The last sentence of the previous paragraph, as well as others sprinkled into it, are only a few indications of the nonsense in Transformers: Rise of the Beasts.  This was, of course, to be expected.  Despite this, like the last of these turkeys I saw, I was laughing in all the wrong places.  There was also an audible slap heard around the theater coming from my hand hitting my forehead when Optimus Primal refers to humans as having “more than meets the eye.”  It is the classic line from the cartoon, but horribly misplaced.  It is also ridiculous when Optimus Prime is about to sacrifice himself to destroy the key and all the Autobots and Maximals are sad that their leader is about to do so.  But, nope!  A few seconds later he is saved by Noah, so way to waste your noble sentiments.  All the same, the aspect that I would most like to nitpick is the music.  It is a near constant stream of 1990s hip-hop, with Wu-Tang, A Tribe Called Quest, Diggable Planets (I would have only the mildest of curiosity to know how they pulled that one off), and Biggie Smalls, to name a few.  Now, these movies are supposedly made for children.  As I recall, when Wu-Tang was releasing songs like “C.R.E.A.M.,” which is their contribution to these shenanigans, Congress was requesting that labels be put on these kinds of records in order to protect our children.  After all, the song talks about selling drugs to survive.  Yet, now it is okay to put them in a movie aimed at the same age range?  Oh, but I am sure no young ‘un sitting in their seat is going to wonder about the music they are hearing, right?

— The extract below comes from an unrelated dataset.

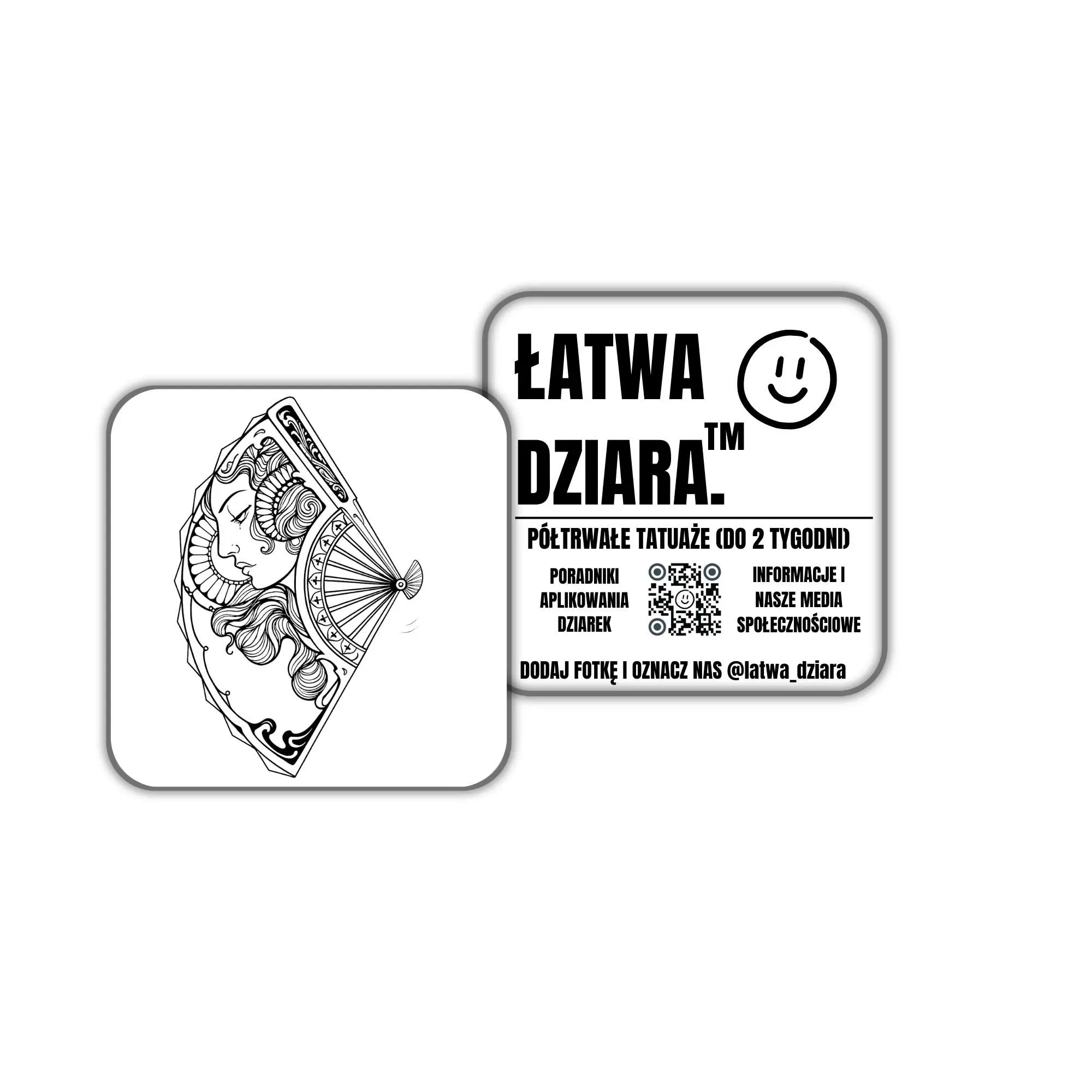 Wachlarz Sekretów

My complaints with Transformers: Rise of the Beasts do not end with the music, but rather bleed over into my Catholic thoughts on the film.  In the city in Peru where they go to find the other part of the Transwarp Key, Elena, the intern who is able to use the internet in 1994 as if Google were a thing at that time, decides that it must be located under the Catholic Church in town.  There is a throwaway line, and I was probably the only one there who caught it, about the church being built over the top of an Incan temple.  This is actually a tiny bit of historical accuracy in the proceedings, and not an uncommon practice with the Spanish when they came to the Americas.  Unsurprisingly, such words have little context.  Yes, the Spanish conquest was brutal.  There is no denying it.  What is too often left out of this discussion is that the evangelization portion of this process was accomplished relatively bloodlessly.  Literal miracles like the appearance of the Virgin of Guadalupe in 1531 in Mexico helped.  When you come down to it, since the conversion of the native populations was accomplished, their former buildings were not being used.  Thus, many times the sturdy stones out of which they were constructed were repurposed for building churches.  Modern-day researchers are understandably frustrated by this because it means the loss of potential sources of information about the past.  Then again, they were not thinking of future Ph.D. candidates in the sixteenth century, and neither am I, really.  My concern is with the popular imagination who I have a feeling assumes that something violent happened when they hear such lines in movies.  Luckily, the film does not dwell on this manner.  Instead, this ancient Incan temple is so far below the church that it could not have been a factor in its construction, which further adds to the silliness.

Rather than seeing Transformers: Rise of the Beasts this weekend, stay home and watch Carrie Pilby.  If brainy, thought-provoking films do not do it for you, go for a nice walk.  Maybe you could take up painting, or call a friend with whom you have not spoken in some time.  Please, do anything but see Transformers: Rise of the Beasts.  Who knows?  Maybe I can start a movement that will lead to them canceling the next production?